Kandi Pickard, NDSS President and CEO, said: “It was an honour working with Barbie on the Barbie doll with Down syndrome. This means so much for our community who, for the first time, can play with a Barbie doll that looks like them. This Barbie serves as a reminder that we should never underestimate the power of representation. It is a huge step forward for inclusion and a moment that we are celebrating.”
The development of the Barbie Fashionista doll with Down syndrome spanned more than a year including meetings, emails, sketch shares, and critical rounds of feedback and reactions to the design with the NDSS. Kim Culmone, senior vice president, global head of design Barbie & Fashion Dolls, Mattel, said:
“A doll with Down syndrome has been one of the top asks I’ve received as the head of design for Barbie. The development of this doll spanned well over a year from initial ideation to production. The process included concept meetings, preliminary design reviews, and rounds of feedback to refine the doll design with the NDSS team, specifically members of the team with Down syndrome, medical professionals, and families within the community, including kids who have Down syndrome.”
This is the first Barbie doll to reflect a person with Down syndrome.
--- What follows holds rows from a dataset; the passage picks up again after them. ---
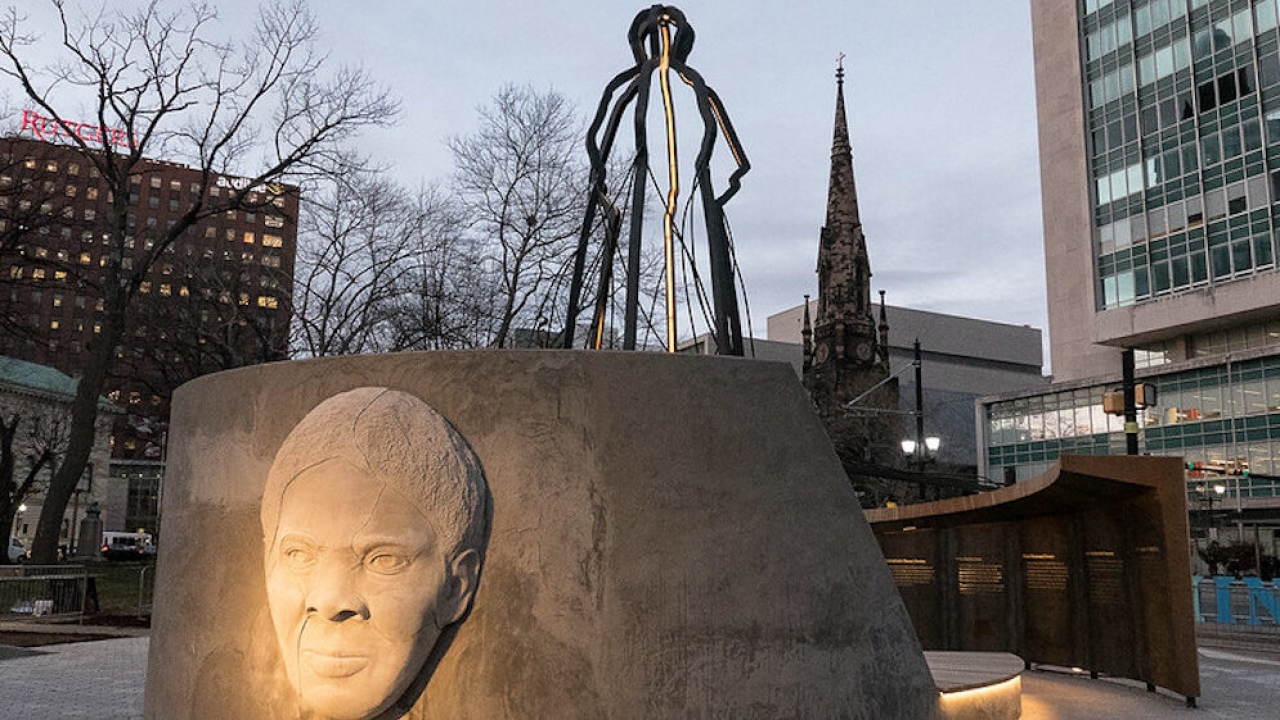 Harriet Tubman monument called "Shadow of a Face" in Newark, New Jersey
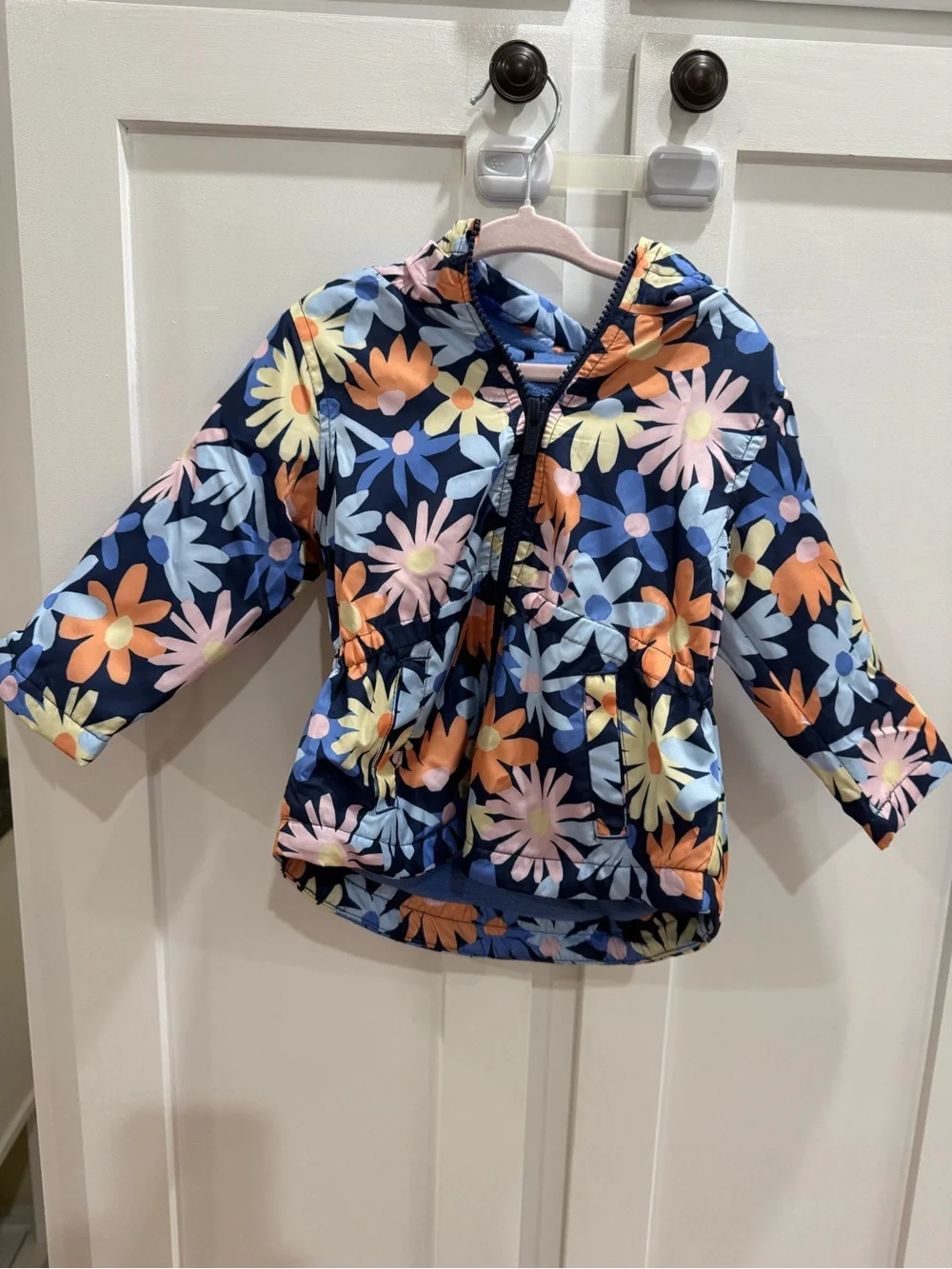 Carter Girls Navy Floral Hooded Jacket - Lightweight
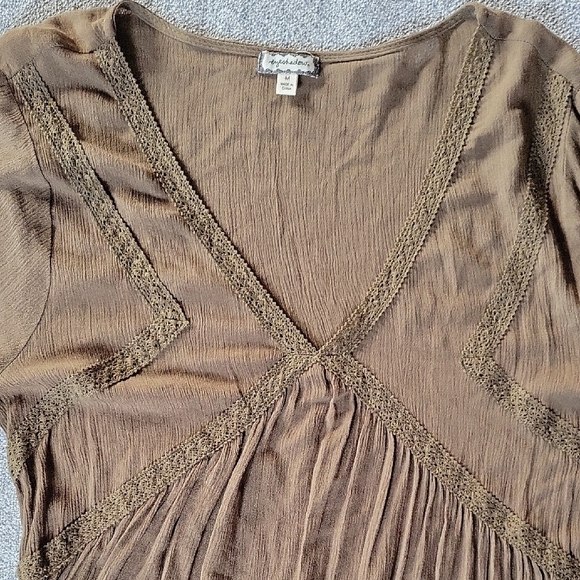 Eyeshadow Olive Green Color  Asymmetrical Blouse Long Sleeve Size M /100% Rayon - Picture 9 of 11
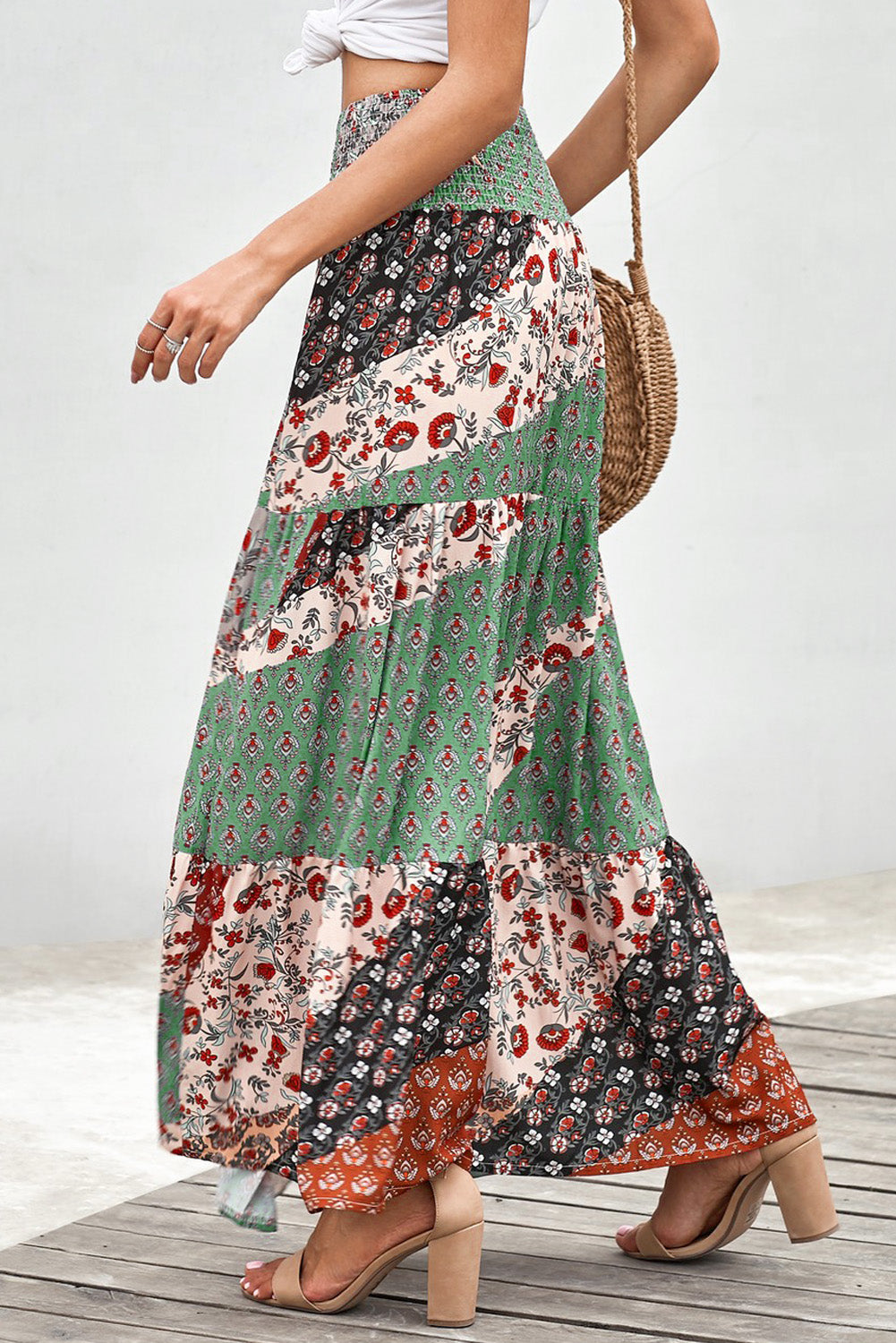 Multicolor Boho Print Tie-Up Waist Long Maxi Skirt-Bottoms/Skirts & Petticoat-[Adult]-[Female]-2022 Online Blue Zone Planet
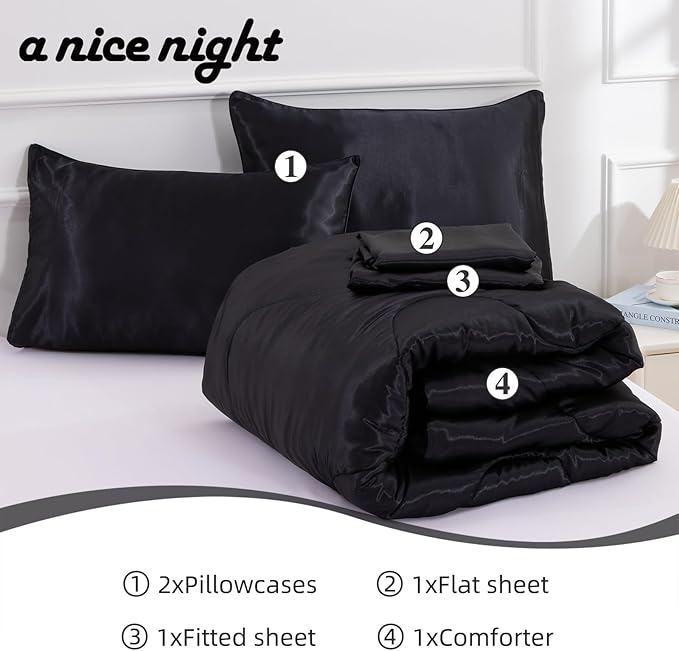 Satin Comforter Set - Queen - 5 Piece
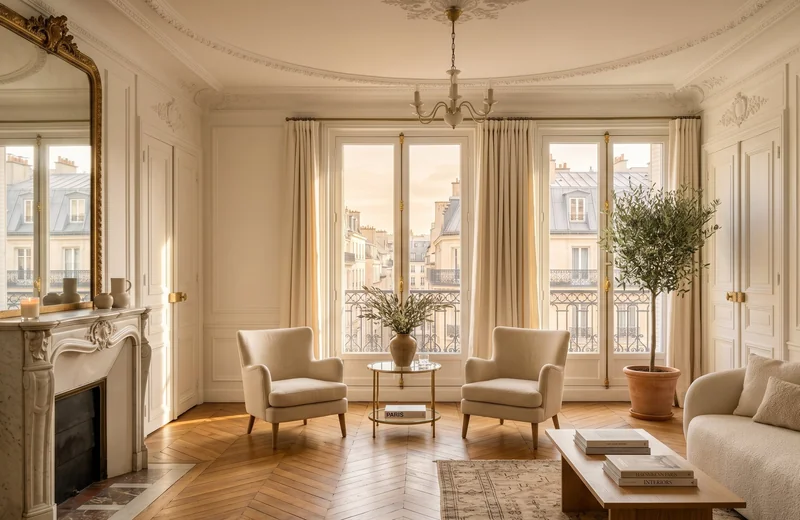 Appartement Haussmannien parisien élégant avec parquet et cheminée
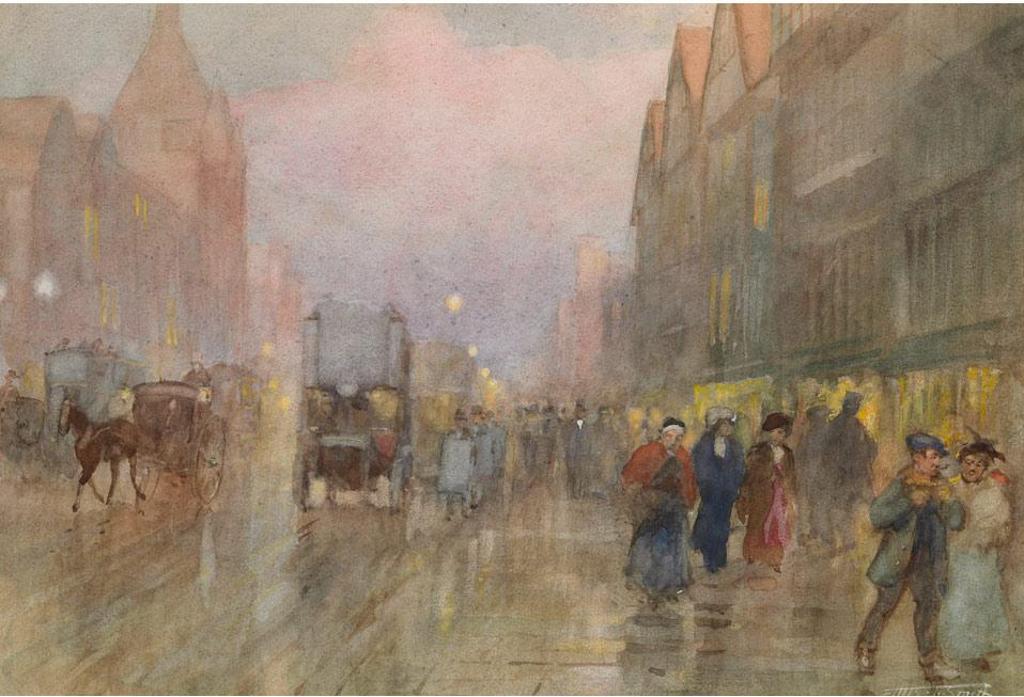 Frederic Martlett Bell-Smith (1846-1923) - London - The Old And The New (Holborn - Staple Inn On The Right)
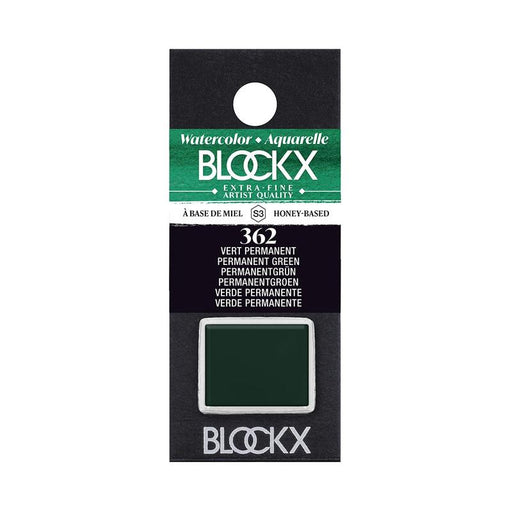 BLOCKX Watercolour Half Pan S3 362 Permanent Green C41362BXC_1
It’s also a unique doll in the category. In the past, most dolls with Down syndrome have been baby dolls. The Barbie Fashionista doll with Down syndrome is breaking barriers by creating an adult-form doll, allowing all children to play out future storylines. Children’s early experiences help shape their thoughts and perceptions – and Barbie can play an important role in this process. When a child plays with Barbie, they play out their dreams and imagine they can be anything. Doll play has an incredible purpose during key developmental stages as it may help set children on a course for success by allowing them to develop empathy – fueling social skills needed to excel as they imagine their futures with an equal playing field.
The Barbie Fashionista doll with Down syndrome allows more children to see themselves in Barbie, and to have Barbie reflect the world around them, which can help foster a sense of inclusivity. Lisa McKnight, Executive Vice President and Global Head of Barbie & Dolls, Mattel, said: “As the most diverse doll line on the market, Barbie plays an important role in a child’s early experiences. Our goal is to enable all children to see themselves in Barbie, while also encouraging children to play with dolls who do not look like themselves. Doll play outside of a child’s own lived experience can teach understanding and build a greater sense of empathy, leading to a more accepting world.
We are proud to introduce a Barbie doll with Down syndrome to better reflect the world around us and further our commitment to celebrating inclusion through play.” Barbie is the most inclusive doll line on the market with more than 175 looks offering different eye colors, hair colours and textures, skin tones, body types, abilities, and fashions, to tell even more stories. Barbie has introduced dolls with vitiligo, dolls that use a wheelchair, a doll with hearing aids, and a doll without hair, and the Barbie Fashionista line is a consistent top seller. This year, Barbie continues to represent belonging and inclusivity with the full 2023 Fashionistas lineup, which also includes a new Fashionista doll wearing braces, and a Ken Fashionista doll with a prosthetic leg. The Barbie Fashionista doll with Down syndrome will be available to purchase at Kmart, Target and Big W from the 26th April and will retail at RRP $13.00.